Most CCTV footage is captured by infrastructure owned and operated by city, public, or private organizations. Police forces generally do not fund or operate such assets but rely on third parties to provide access on a need’s basis, “on-demand”, usually accessed shortly after an event has taken place. For these reasons audiovisual surveillance is often seen as infallible. But it is subject to shortcomings.

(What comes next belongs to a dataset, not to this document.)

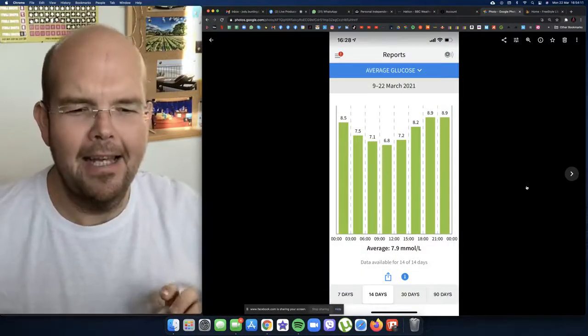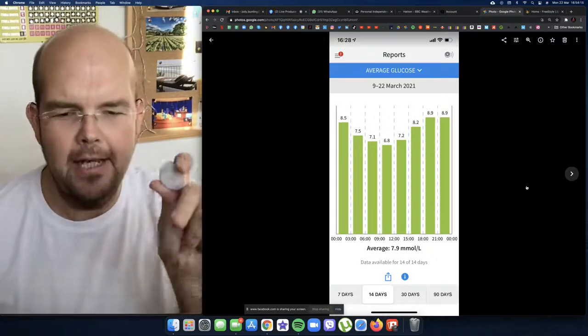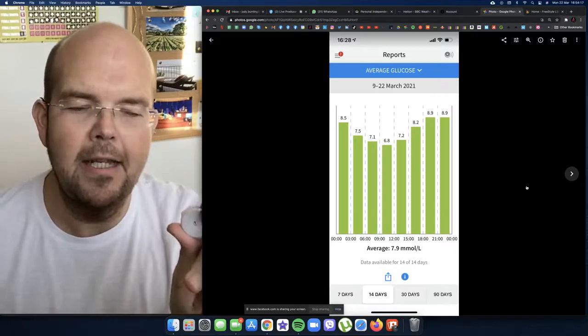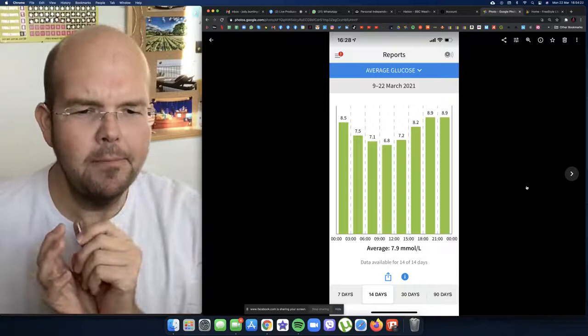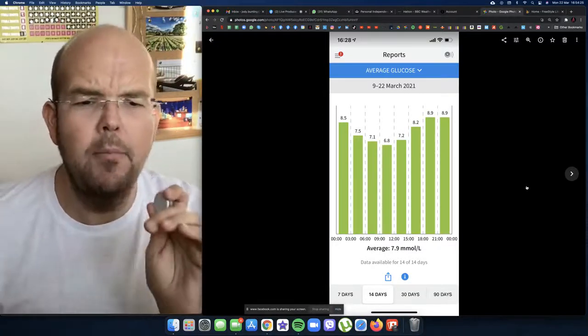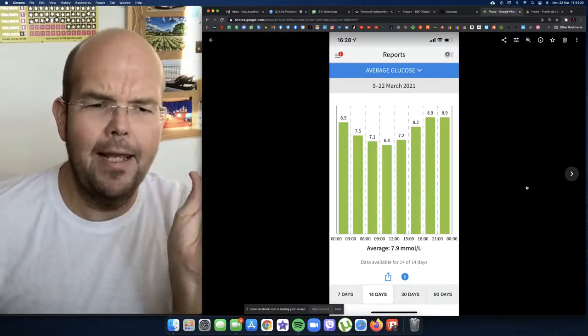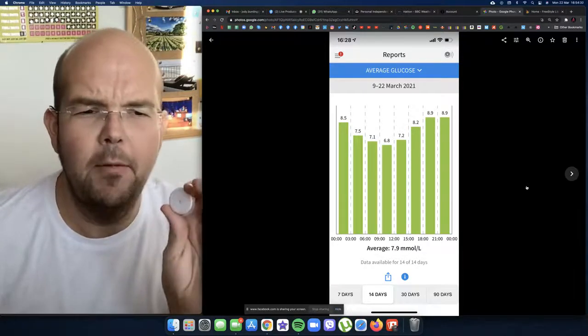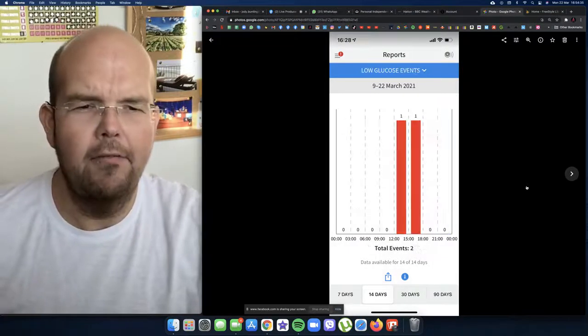My next slide is the average for the last 14 days. You can see at the bottom it says the last 14 days, and I'm completely in range. Generally around lunchtime, coming down to 6.8, and then quite late in the evening after the evening meal going to 8.9 — that was my highest average.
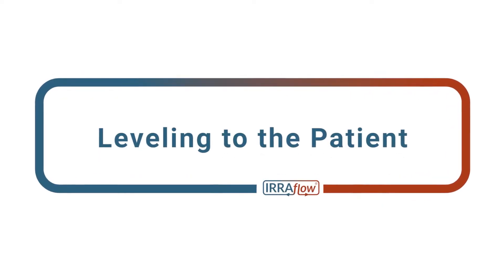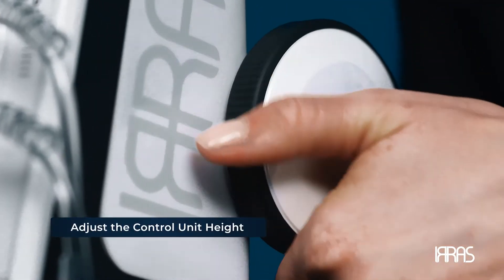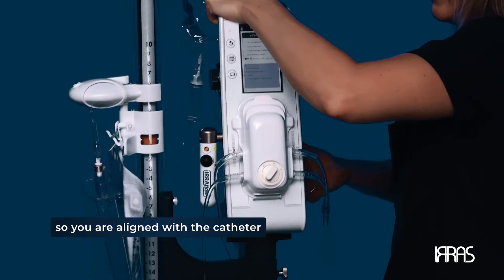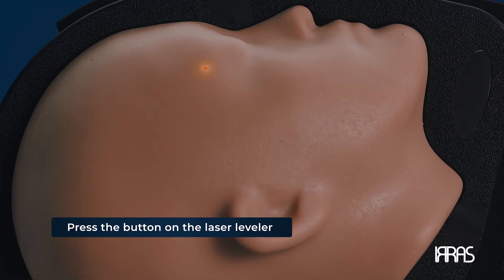Chapter 4: Leveling to the patient. You have now successfully set the airflow control unit up and are ready to adjust the control unit height so that you are aligned with the catheter. This will ensure you are obtaining an accurate ICP reading. To do this, press the button on the laser leveler to shoot a laser beam over to the patient.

First and foremost, most CCTV only captures video. Second, some CCTV only captures still shots in the form of images “frame by frame” and only in black and white. Third, even if video is continuous, the feed only has a given “field of view” and can be subject to other defects such as poor lighting, obstruction, or other shortcomings. Fourth, audiovisual footage stemming from a mobile device such as a smartphone, in-car camera, or drone, may not offer a uniform and consistent perspective.

One of the problems associated with audiovisual footage are gaps in the recording, either due to line-of-sight issues, or because the activity in the event partially exits the field of view limitations of a camera. From the perspective of the prosecution, any details that miss key acts of provocation by an offender may negatively impact a clear judgment on a given case. Yet the aim of using CCTV is to reduce or remove reasonable doubt altogether.

CCTV footage usually, but not always, provides over-sight and does not capture images at ground level like body-worn cameras. Recording devices are hoisted onto a lamppost, building wall, or fixed structure, providing a bigger field of view. At times, dependent on the context, CCTV footage may omit defensive movements by a plaintiff or aggressive outcomes or actions by a defendant.

So, while seen as infallible, either damning or exonerating suspects, video surveillance evidence is not foolproof. This is despite the fact that manufacturers of more advanced CCTV deployments today claim to even be able to conduct real-time facial profiling through firmware in the CCTV camera itself. When images from CCTV are taken at nighttime in dimly lit areas or wet conditions, they may be blurry and require forensic experts to carry out the identification of suspects, using advanced facial and body mapping techniques. But the intervention of technology experts can increase the potential for error because experts are interpreting an AI-interpolated overlay, rather than raw footage. When a prosecution team cannot prove that the defendant is guilty “beyond a reasonable doubt,” then the raw footage gathered of the case in question may require “correction."

One thing that THE CAPTURE does ignore is the reality of tampering that can be determined by forensic experts using time and date stamps among other metadata captured at the time of recording. Without this proven chain of custody, doctoring of audio, images, and video can be assumed to have taken place. Doctoring is a process defined as: “the action of changing the content or appearance of a document or picture in order to deceive; the act of falsification.” In essence, if any party involved in a crime alters, or attempts to destroy, evidence, it may be reasonable to infer that the party had "consciousness of guilt" or other motivation to avoid the evidence. Thus, it can be determined that the evidence might have been a spoliator. When police are the party doing the spoliation, by confiscation or destruction of photographs, the police’s act of destroying the evidence may be prosecuted as an act of evidence tampering.

In the end, we are being called to think about the impacts of modern technology on society. The falsification of evidence is interfering with justice, the act is known as “spoliation of evidence,” and such spoliation renders potential evidence invalid from the outset. One cannot alter evidence through intentional fabrication or negligence (i.e., recklessness), as tampering is seen as an obstruction of justice or perverting the course of justice with the clear intent of covering up a crime or making someone who is innocent look guilty. If “Correction” stands for the very best intentions of law enforcement, then are the acts they are engaged in “all good?” Is there anything like a “white lie?” How can the very people who are the bastion of justice be the same people who obstruct justice?